Sul piano logico-sistematico, ossia, la norma risulta essere conforme alla finalità della legge-delega di incentivare le nuove assunzioni e favorire il superamento del precariato, così da costituire un coerente sviluppo e completamento della disciplina.

Per i giudici costituzionali, inoltre, l’adeguatezza e sufficiente dissuasività del sistema di contrasto dei licenziamenti illegittimi vanno valutate nel complesso e non in modo frazionato e ciò:

  • tenendo conto della gradualità e proporzionalità della sanzione che il legislatore, nell’esercizio non irragionevole della sua discrezionalità, ha previsto come differenziata;
  • conservando la reintegrazione (unitamente ad un indennizzo senza tetto massimo) per i casi di più gravi violazioni, quali quello del licenziamento nullo o discriminatorio, e riservando agli altri casi la tutela indennitaria (con un tetto massimo).

Principio di eguaglianza non violato

In tale contesto, la Consulta ha giudicato non fondata anche la censura che lamentava la violazione del principio di eguaglianza, comparando i lavoratori “anziani” (ossia assunti fino al 7 marzo 2015, che conservano la più favorevole disciplina previgente e, quindi, la reintegrazione nel posto di lavoro), e i lavoratori “giovani” (quelli assunti dopo, ai quali si applica la nuova disciplina del Jobs Act).

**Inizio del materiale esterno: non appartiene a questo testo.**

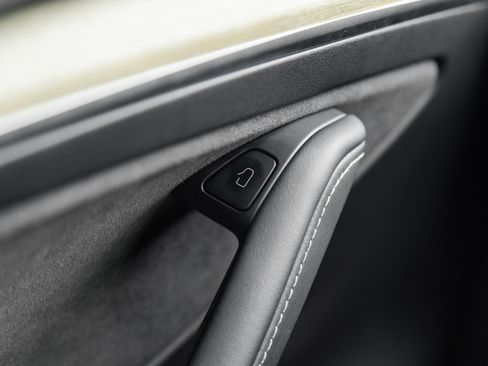 Used 2022 Tesla Model Y Long Range image 18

Il diverso trattamento sanzionatorio modulato dal decreto attuativo per i licenziamenti individuali  - si legge nella decisione - non viola il principio di uguaglianza, trovando il regime temporale un motivo non irragionevole nella finalità perseguita dal legislatore, "di rafforzare le opportunità di ingresso nel mondo del lavoro da parte di coloro che sono in cerca di occupazione".

Risulta ragionevole, in altri termini, modulare le conseguenze del licenziamento illegittimo dei lavoratori subordinati al fine di rafforzare le opportunità d’ingresso nel mondo del lavoro da parte di coloro che sono in cerca di occupazione.

Ebbene, la medesima conclusione va affermata anche con riferimento ai licenziamenti collettivi, atteso che sussiste la stessa logica di gradualità dell’applicazione della nuova normativa.

Pure per i licenziamenti collettivi, dunque, come per quelli individuali, la ragionevolezza di una disciplina differenziata va individuata nello scopo dichiarato nella legge delega, di favorire l’ingresso nel mondo del lavoro di “nuovi” assunti, accentuandone la flessibilità in uscita con il riconoscimento di una tutela indennitaria predeterminata. Risulta infatti indifferente, rispetto a tale fine, che il recesso sia individuale o collettivo.

Indennità prevista adeguata

Per finire, la Corte costituzionale ha escluso che la tutela indennitaria prevista per il lavoratore illegittimamente licenziato all’esito di una procedura di riduzione del personale fosse inadeguata, come ex adverso sostenuto dal giudice rimettente.

Sul punto, è stato ricordato come il limite massimo di ventiquattro mensilità, attualmente elevato a trentasei mensilità, non si pone in contrasto con il canone di necessaria adeguatezza del risarcimento, secondo cui il ristoro deve essere tale da realizzare un adeguato contemperamento degli interessi in conflitto.

Del resto - conclude la Corte - che il limite massimo appena detto costituisca un importo adeguato emerge anche dalla comparazione con l’indennità sostitutiva della reintegrazione, atteso che l’ammontare di tale indennità, introdotta come un equivalente sostitutivo della reintegrazione, è pari a quindici mensilità dell’ultima retribuzione globale di fatto.